Rep. Cotton represents the Fourth Congressional District of Arkansas. He is serving his first term in the House and sits on the Financial Services and House Foreign Affairs Committees.
Rep. Cotton said it was a great privilege to speak at the Chamber Banquet and talked about the vital role that the Chamber plays in the community and thanked Chamber members for the opportunities that they provided for all.
He also told the crowd about some of the friendships that he had made since being elected to Congress and said that the first two months of his term has been very uplifting, adding that he did go in with any type of expectations.
Rep Cotton said that he tried to emulate U. S. Senator Dr. Tom Coburn from Oklahoma by being honest and upfront with everyone even if he disagrees with them.
Rep. Cotton talked to those present about the budget and that he wanted to have real tax reform to give people more opportunity to help achieve the American Dream for yourself and your children.
He also said that there needed to be reduced spending and reduced taxes. When the government grows as large as it is it crowds people out, he added.
Rep. Cotton also talked about the importance of having a balanced budget, something he would like to accomplish in he next 10 years.
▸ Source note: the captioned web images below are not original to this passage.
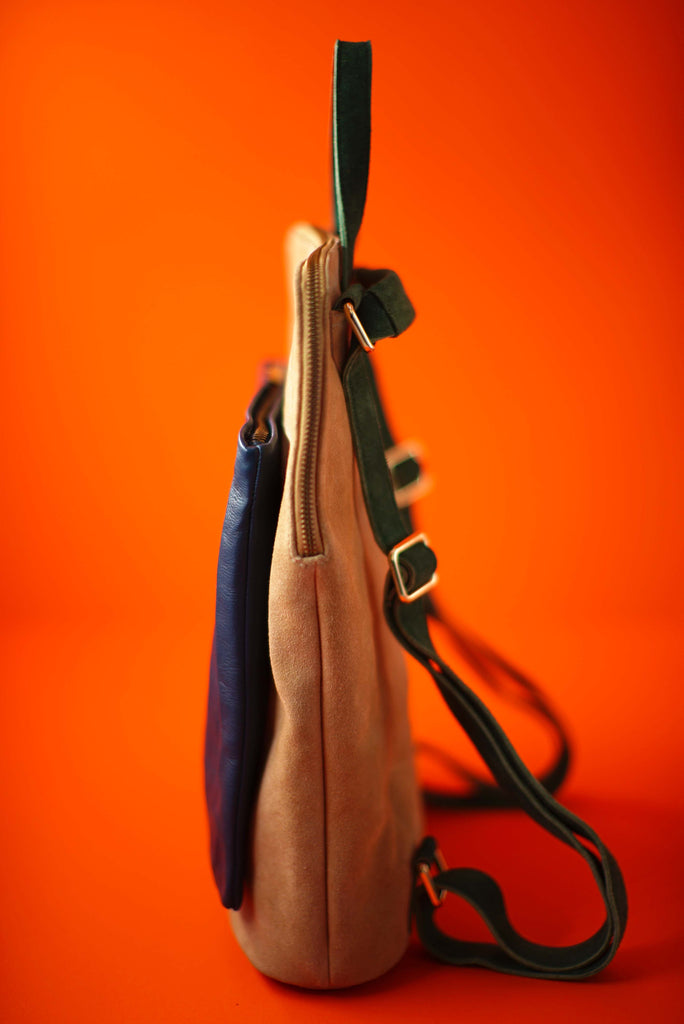 slim backpack with custom sand suede navy leather pocket and green suede straps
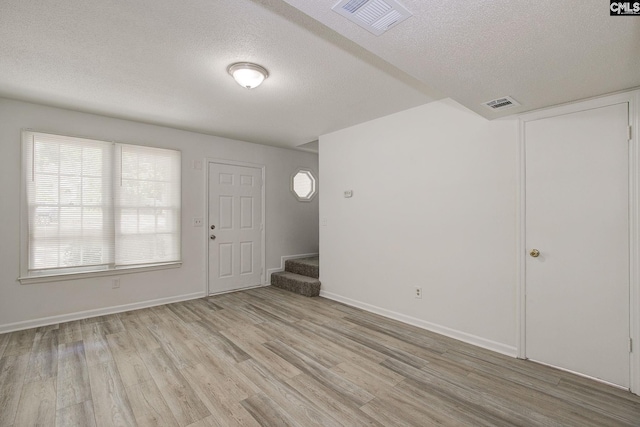 entrance foyer with a textured ceiling, light wood-style flooring, stairs, and baseboards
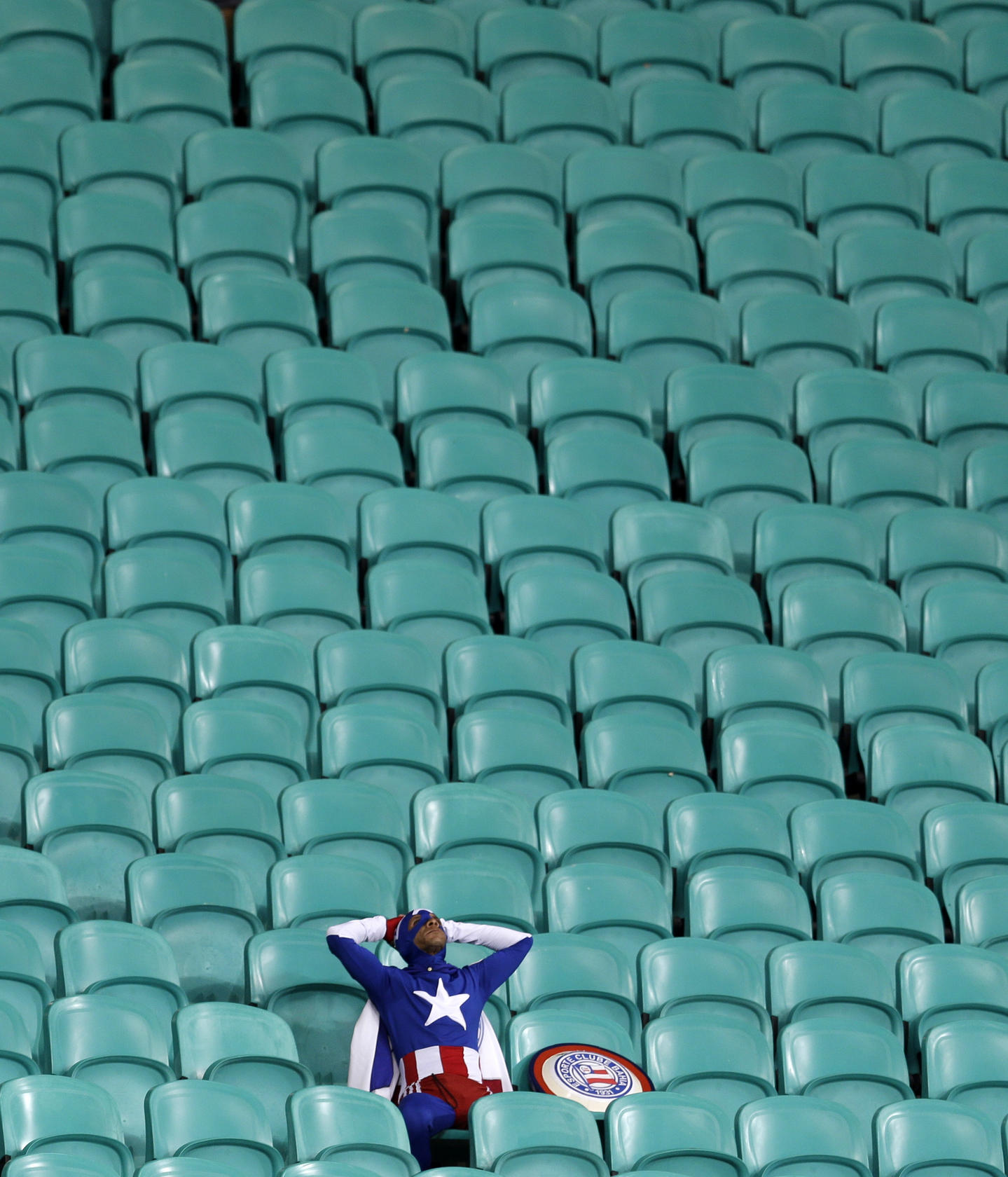 A lone US supporter in a Captain America costume is distraught at losing the battle after his team were beaten by Belgium. Photo: AP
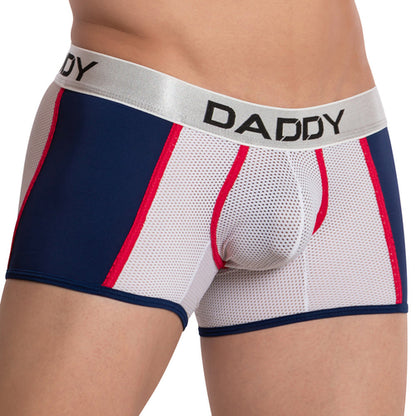 A person wearing Daddy Pride Boxers by Daddy, featuring a breathable mesh design with blue, white, and red stripes. The supportive waistband is metallic and displays DADDY.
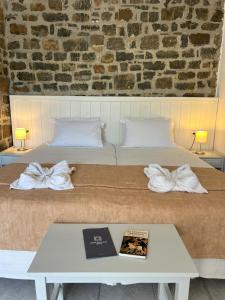 - un lit avec des draps blancs et une table avec un livre dans l'établissement Naiades Almiros Hotel, à Agios Nikolaos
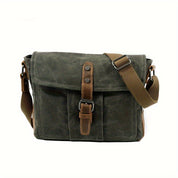 Borsa a tracolla in tela verde militare con chiusura a fibbia, tasca frontale e tracolla regolabile marrone. Stile casual e resistente.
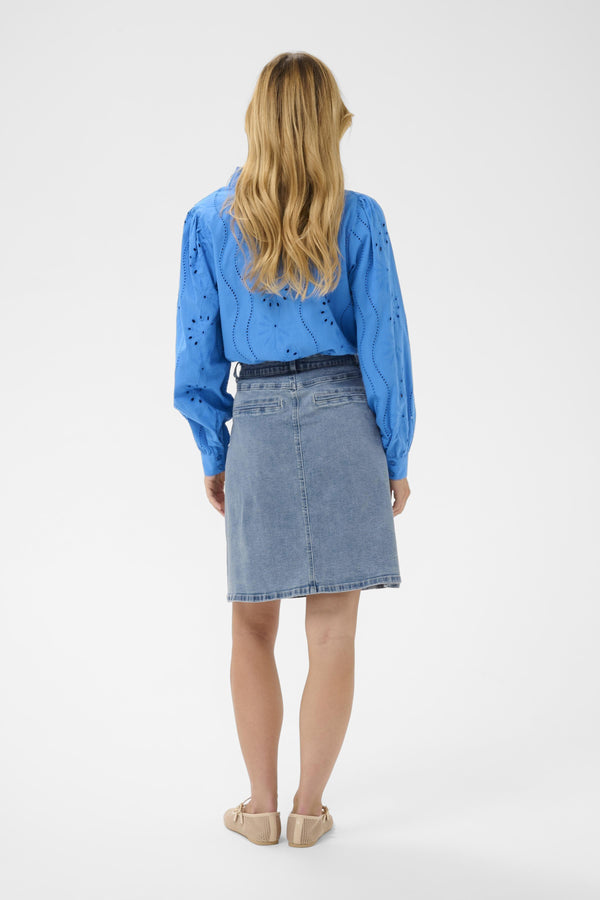 Person wearing a blue denim skirt and blue blouse on a white background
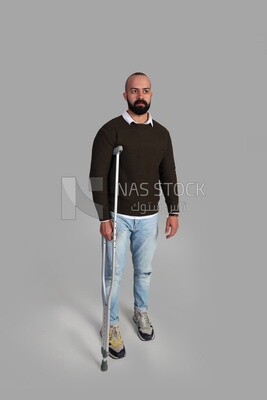 Man with crutch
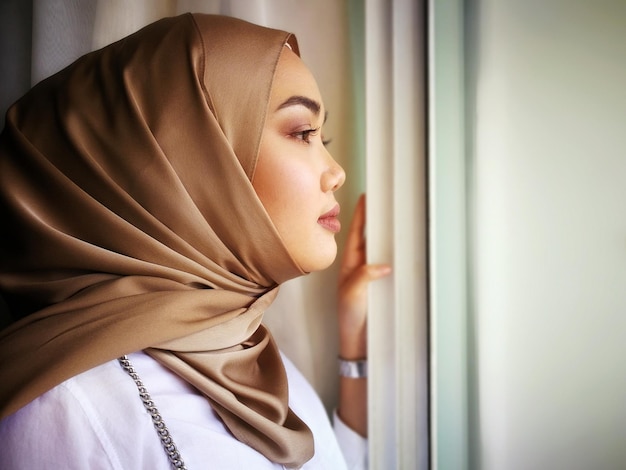 ヒジャブを着た若い女性が自宅の窓から眺めている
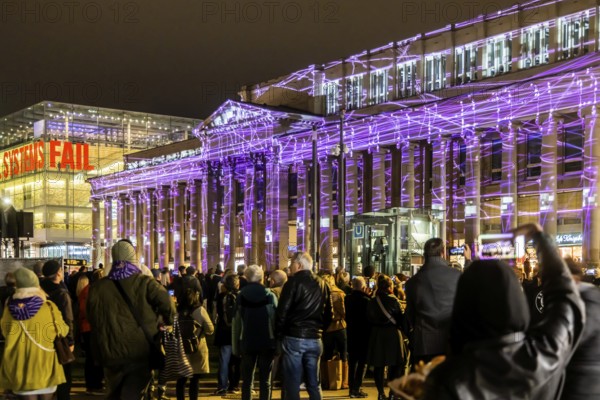 Stuttgart lights up. Long shopping night in the city centre with a light show. The Königsbau is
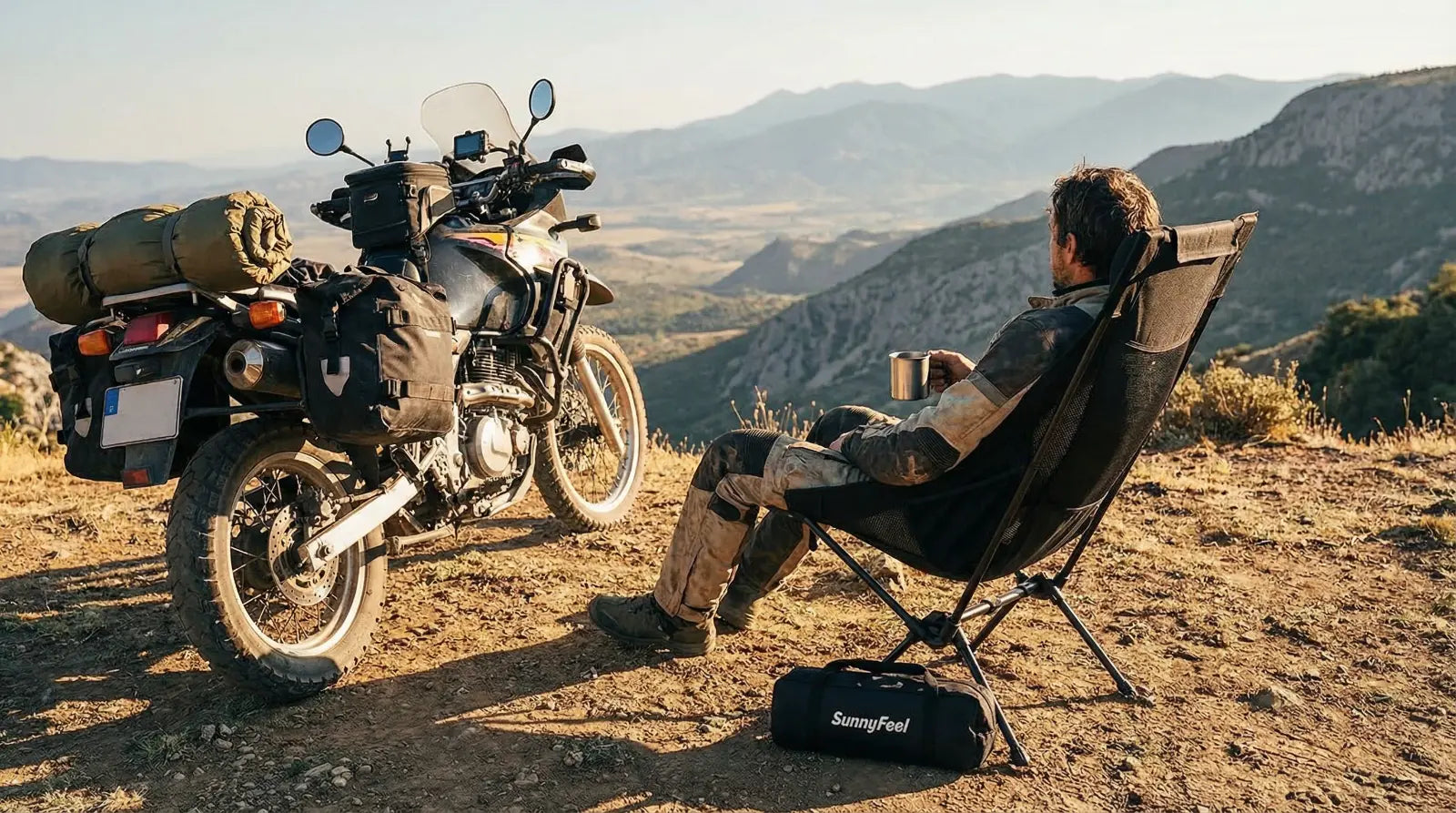Person sitting in a chair next to a motorcycle with a scenic mountain view.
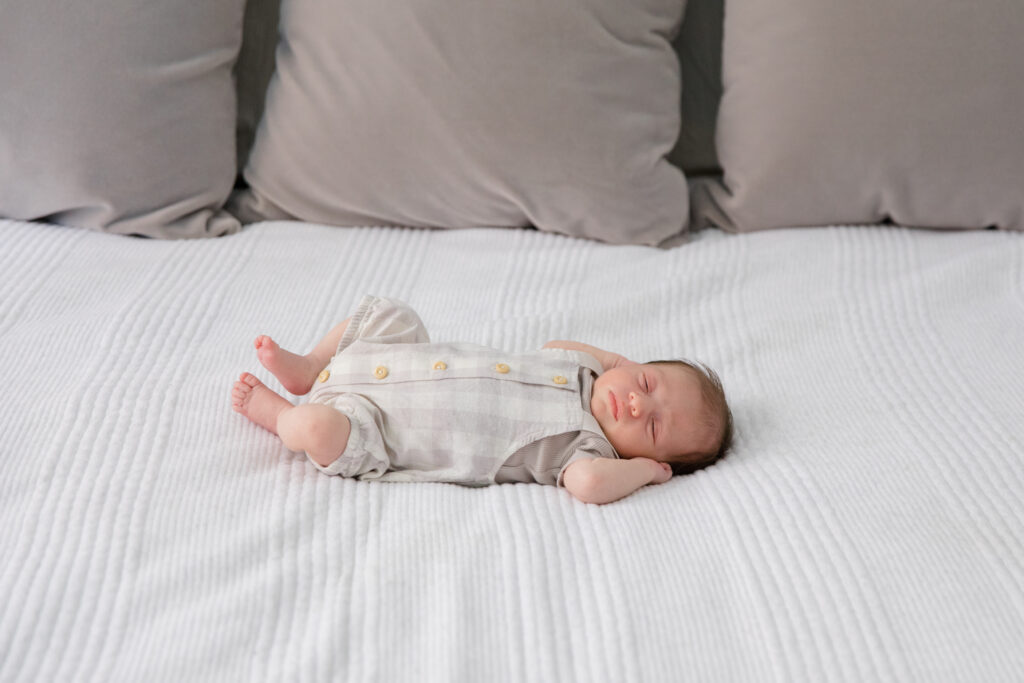 A baby rests on a bed at a newborn session with New York City newborn photographer Jacqueline Clair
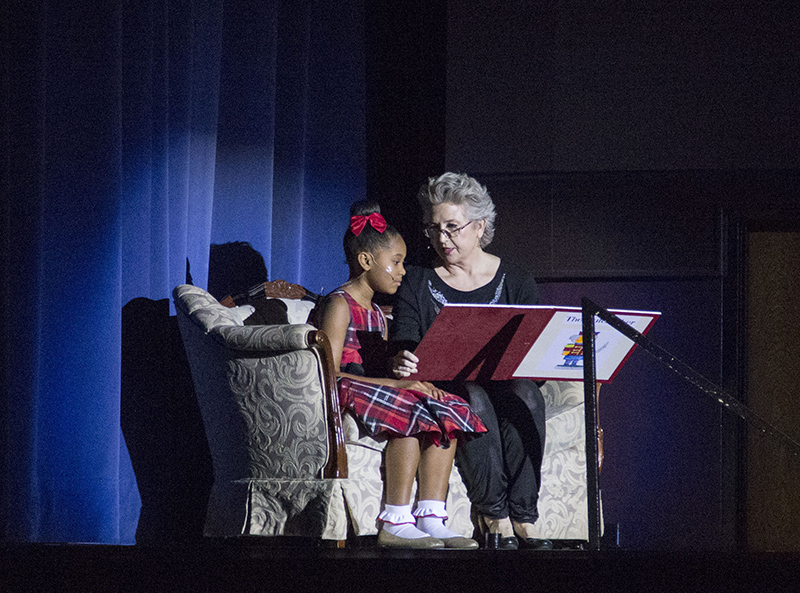 Therese Chatelaine reads the story of the Nutcracker to Gabriella Hargro as the ballet is performed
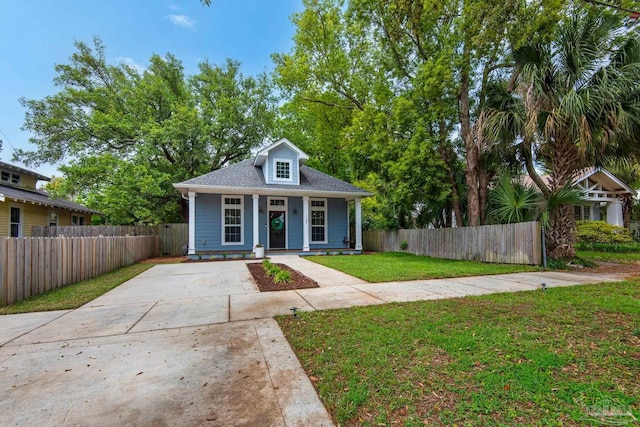 bungalow-style home with covered porch and concrete driveway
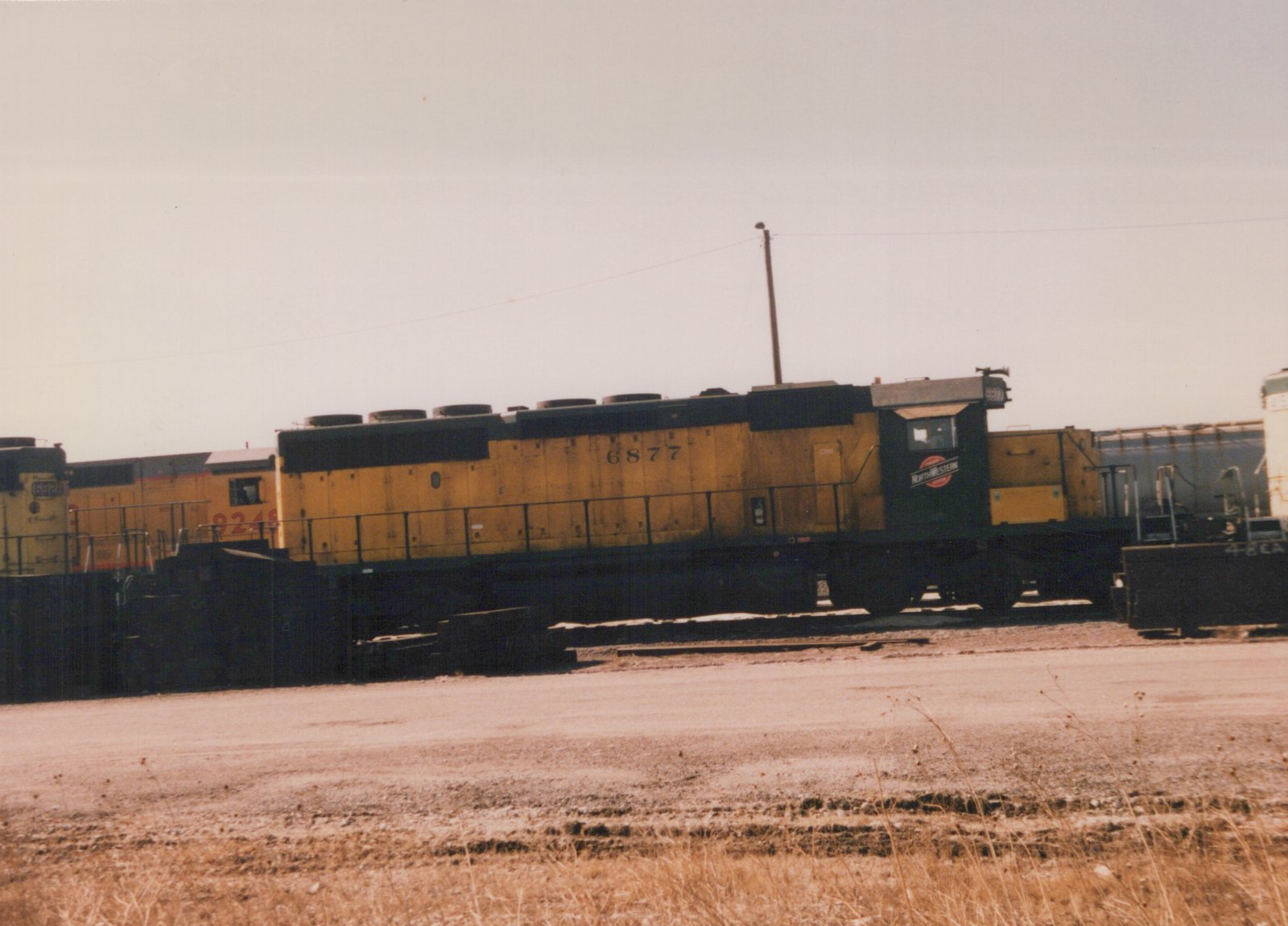 A side view of a yellow and black Chicago and North Western diesel locomotive, number 6877, in a rail yard, with another yellow locomotive behind it and dry ground in the foreground.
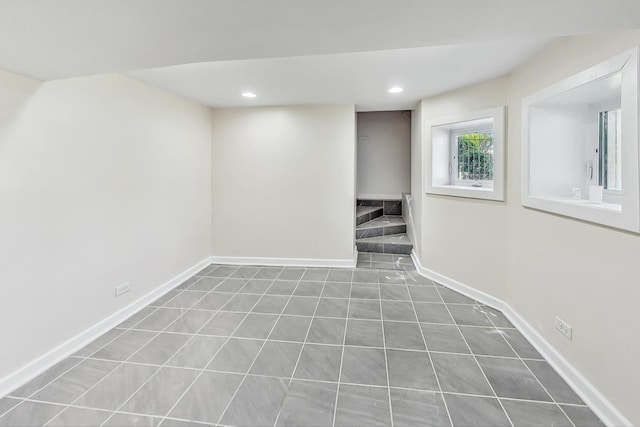 8251 S E End Ave, Chicago, IL 60617 - basement with recessed lighting, stairs, and tile patterned flooring
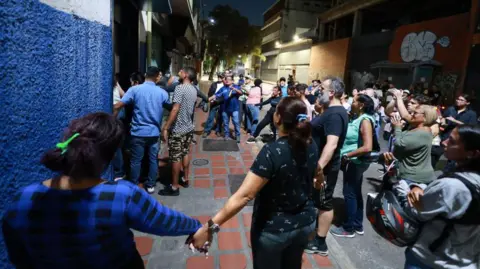 Getty  A group of people hold hands in protest to be let in to count the votes during the presidential election on July 28, 2024 in Caracas, Venezuela.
The military has suffered spending cuts, but we remain a dangerous world, Rep. Cotton said adding that he wants to restore more money to the military. He wanted a budget that would help give prosperity, opportunity and security to all, he added.
The budget is more than just numbers, it reflects choices, he said.
Born and raised on his family’s cattle farm in Yell County, Rep. Cotton is a sixth generation Arkansan and a native of the congressional district he now represents. He graduated from Dardanelle high school, Harvard, and Harvard Law School.
The 9/11 attacks, which occurred during his final year in law school, caused him to leave law after a clerkship with the U.S. Court of Appeals and a brief period in private practice to join the armed forces. He declined a commission as a JAG attorney and instead joined the United States Army as an Infantry Officer.
He served nearly five years on active duty, completing two combat tours in Iraq and Afghanistan. He served in Iraq with the 101st Airborne, where he led an infantry platoon in daily combat patrols. His military decorations include the Bronze Star Medal, Combat Infantry Badge, and Ranger Tab.
Between his two combat tours, he served as a platoon leader with The Old Guard at Arlington National Cemetery. He then served in Afghanistan as the operations officer for a Provincial Reconstruction Team.
After leaving active duty and before being elected to Congress, he worked as a management consultant for McKinsey & Co.